ABOUT THIS TASK »
All of the data should be repeated exactly; pictures are not part of the copy.

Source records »
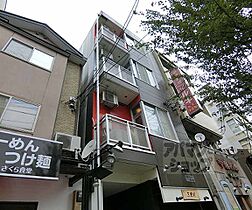 グラヴィ西大路 403 ｜ 京都府京都市中京区西ノ京東中合町（賃貸マンション1K・4階・18.00㎡） その22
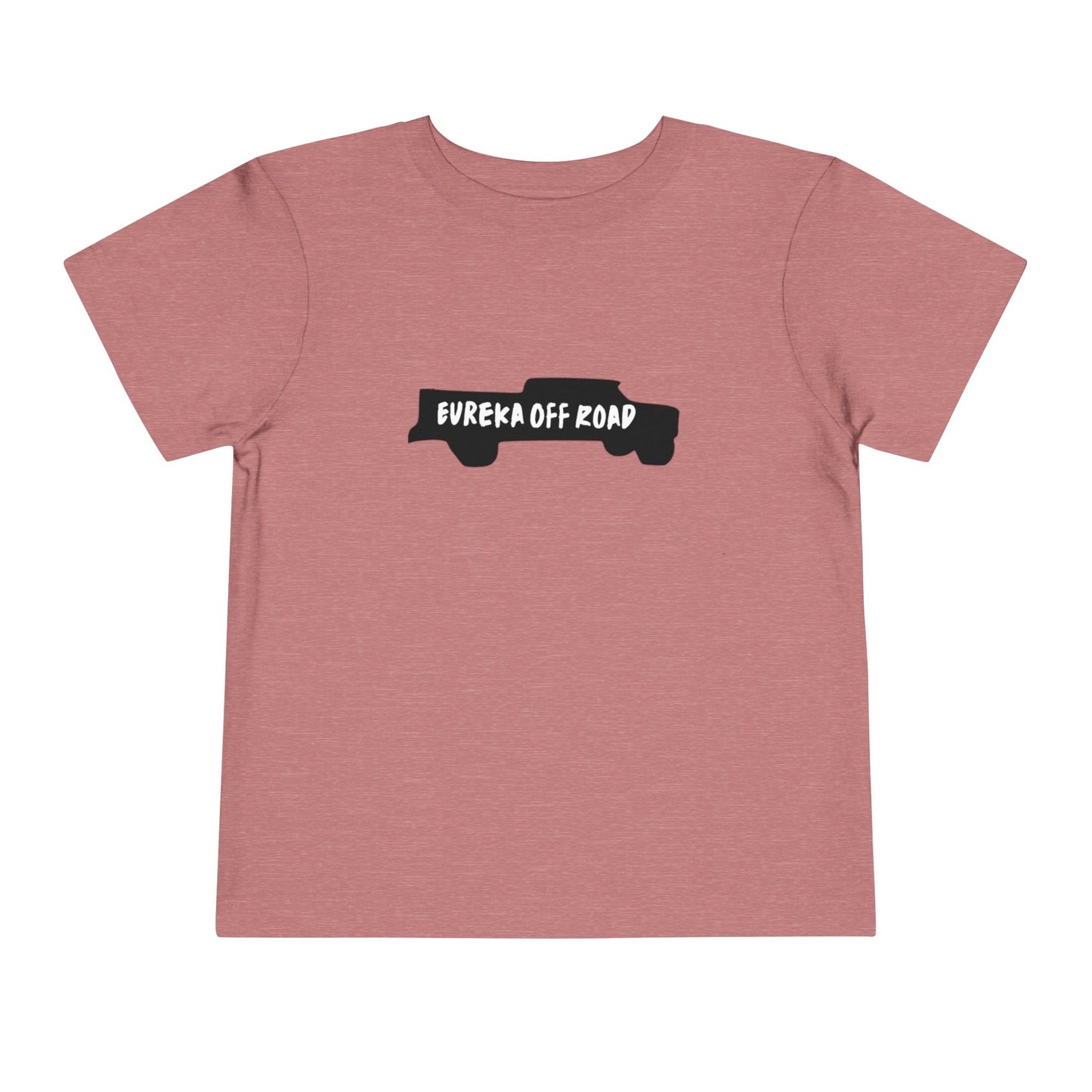 Eureka Off Road Toddler Tee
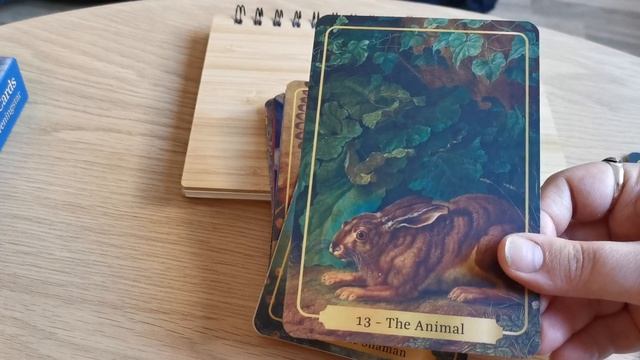 Sacred Blessings Oracle Cards - Oracle deck review, created deck from Eveningstar? смотреть онлайн
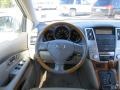 2006 Bamboo Pearl Lexus RX 330  photo #19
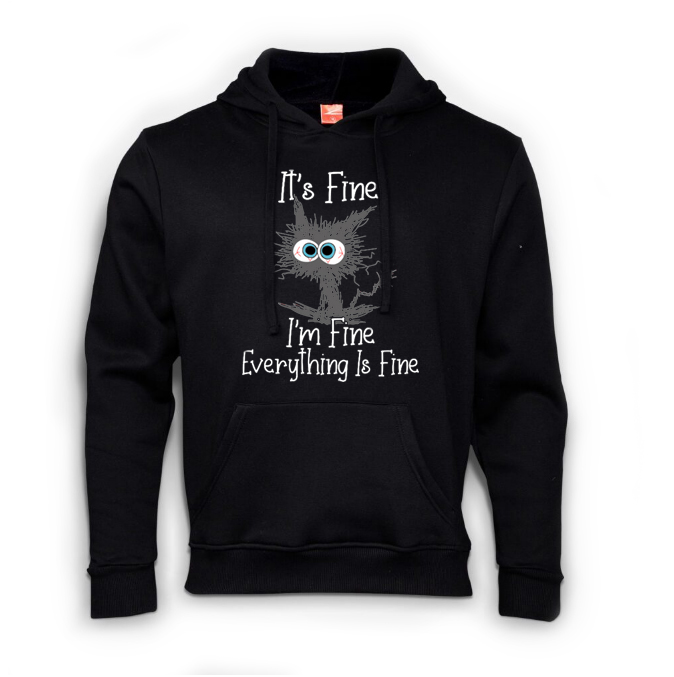 I'm Fine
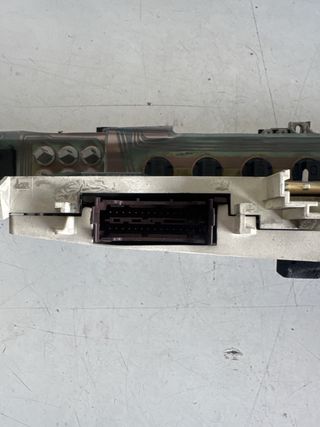 Cuadro de instrumentos Renault Espace III 2.2 DTI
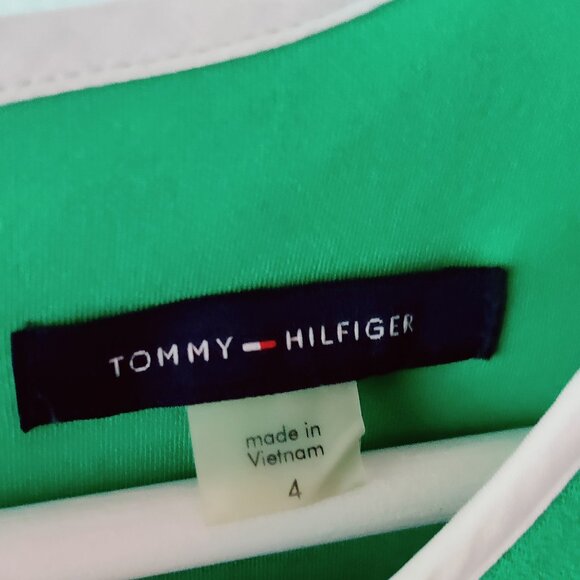 TOMMY HILFIGER Dress - Picture 4 of 5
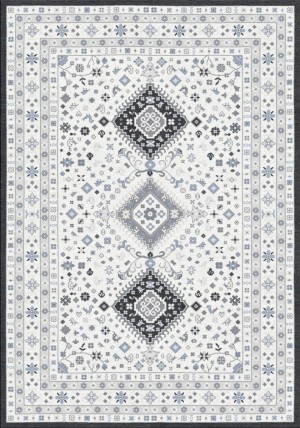 Taj Agra Oseem II Rug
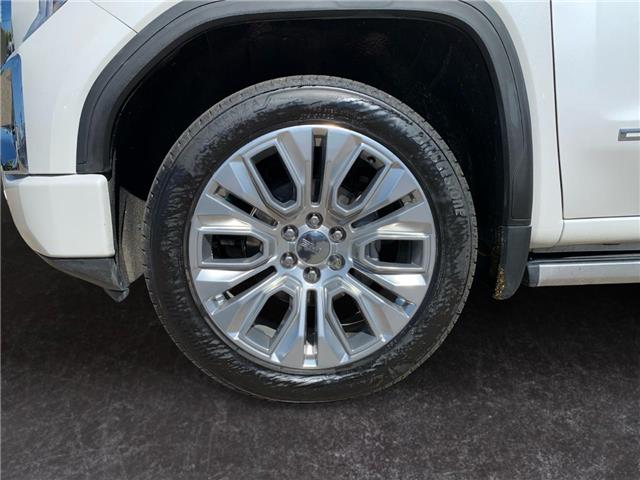2021 GMC Sierra 1500 Denali (Stk: 350851) in Medicine Hat - Image 14 of 17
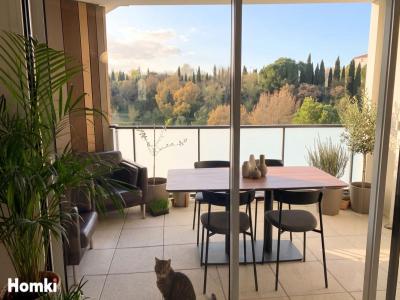 Vente Appartement 3 pièces MONTPELLIER 34000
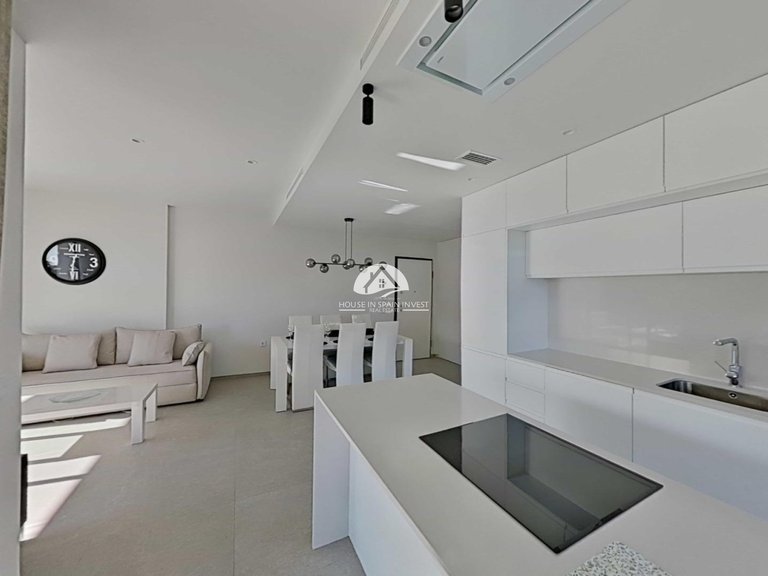 Apartment for Sale in Las Colinas Golf Orihuela Costa, Alicante 16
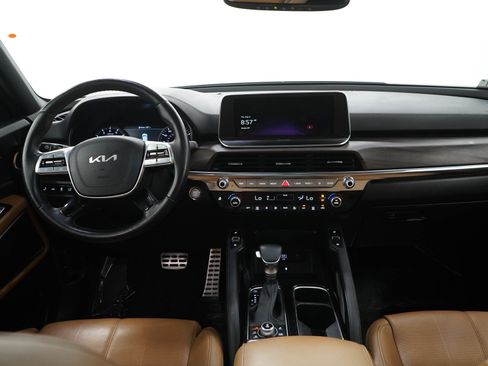 Used 2022 Kia Telluride SX AWD/4WD image 15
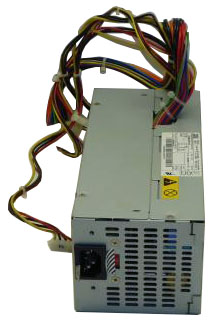 IBM 160-Watts Power Supply for Netvista Mfr P/N 24P6829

OUTPUT FOR THIS EXERCISE »
 グラヴィ西大路 403 ｜ 京都府京都市中京区西ノ京東中合町（賃貸マンション1K・4階・18.00㎡） その22
 Eureka Off Road Toddler Tee
 Sacred Blessings Oracle Cards - Oracle deck review, created deck from Eveningstar? смотреть онлайн
 2006 Bamboo Pearl Lexus RX 330  photo #19
 I'm Fine
 Cuadro de instrumentos Renault Espace III 2.2 DTI
 TOMMY HILFIGER Dress - Picture 4 of 5
 Taj Agra Oseem II Rug
2021 GMC Sierra 1500 Denali (Stk: 350851) in Medicine Hat - Image 14 of 17
 Vente Appartement 3 pièces MONTPELLIER 34000
 Apartment for Sale in Las Colinas Golf Orihuela Costa, Alicante 16
 Used 2022 Kia Telluride SX AWD/4WD image 15
 IBM 160-Watts Power Supply for Netvista Mfr P/N 24P6829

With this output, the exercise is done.